The Chinese still want the minerals, but now their ambitions include tying that country firmly into the Belt and Road Initiative, their global transportation-infrastructure program. Beijing planners, for instance, hope to complete a Kabul-Peshawar highway, linking the Afghan capital to the China-Pakistan Economic Corridor, a $62 billion series of projects that is part of the Belt and Road network.

More importantly, Beijing wants to deny oppressed Turkic minorities a sanctuary. Chinese officials have been surreptitiously working with the terrorist Haqqani network, inside Afghanistan, to go after activists and militants working to free Uyghurs brutally treated in what Beijing calls its Xinjiang Uygur Autonomous Region. The region shares a 47-mile border with Afghanistan.  

Perhaps China’s main advantages in Afghanistan are its firm lock on neighboring Pakistan and Beijing’s long-standing ties to the Taliban, which go as far back to the time the group was in power, from 1996 to 2001. China has supplied the Taliban with weapons and even helped it after the Sept. 11 attacks, according to news reports.  

The group now controls vast swaths of the Afghan countryside and appears set to eventually take control of Kabul. The Taliban, unfortunately for Beijing, has opponents operating in the country, and the Chinese could find themselves under attack from Taliban enemies. 

“The Taliban isn’t the only challenge to overcome,” Michael Kugelman of the Wilson Center told the Daily Beast. “There are many sources of violence, both anti- and pro-state, in Afghanistan.”

Those sources can be manipulated by India, which is in a position to bedevil Beijing. It was Indian intelligence operatives, after all, who exposed China’s ties to the Haqqani network recently.

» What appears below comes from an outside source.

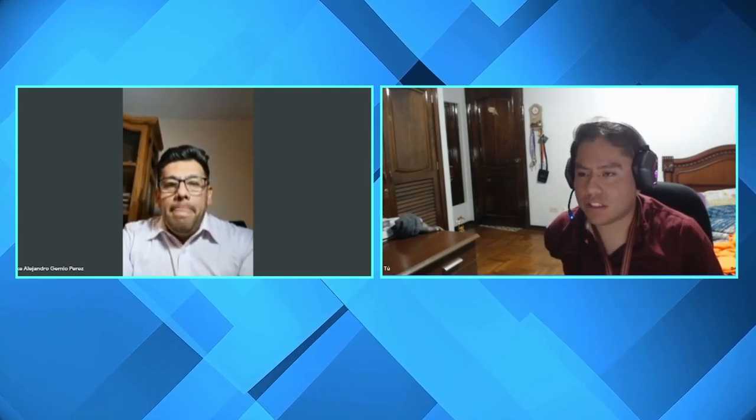Bienvenido al programa Mike, es un placer tenerte. ¿Qué tal? Un gusto estar en este nuevo emprendimiento. Estoy gratamente sorprendido por la temática, porque creo que todo el mundo está tratando de entender cómo funcionan estas criptomonedas y el mercado financiero alrededor de ellas. Creo que va a ser una bonita charla. Quisiera que empecemos con las monedas digitales: ¿cuáles son y qué son?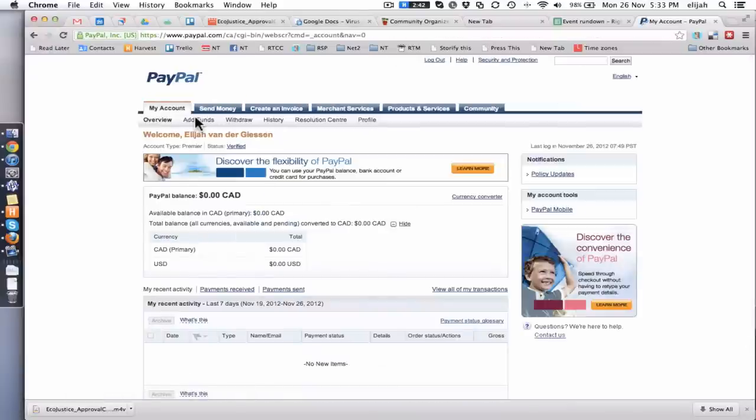Hey REO! This is how we're going to make ourselves a fancy PayPal link or button for this bike contribution.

India, should it so choose, could cause trouble for China in Afghanistan, and New Delhi has every reason to do so. Chinese troops intruded into Indian-controlled territory in Ladakh in May of last year, and China’s military is now engaged in a massive troop buildup in the Himalayas. Moreover, there is a Chinese encroachment in India’s Sikkim, also in that mountainous range.

As important, Beijing has fully backed Islamabad’s troublemaking in Indian-controlled Kashmir and reportedly has provided support for Pakistani terrorism in India itself. Indian policymakers blame China for the cyberattack crippling the Mumbai electric system in October, as well as 20 recent deaths at the hands of Maoist insurgents. 

Moreover, siding with the Taliban could cause trouble for China with the United States, which already sees the People’s Republic as a dangerous actor. Beijing, with venomous propaganda, is going out of its way to aggravate tensions. Wang Yi, the Chinese foreign minister, just blamed Washington “as the origin of problems in Afghanistan.”

The blame game is not wise. Washington is in a position to reduce or even cut off international funding to Kabul. Such aid, the World Bank estimated in 2018, accounted for 40 percent of Afghanistan’s gross domestic product. 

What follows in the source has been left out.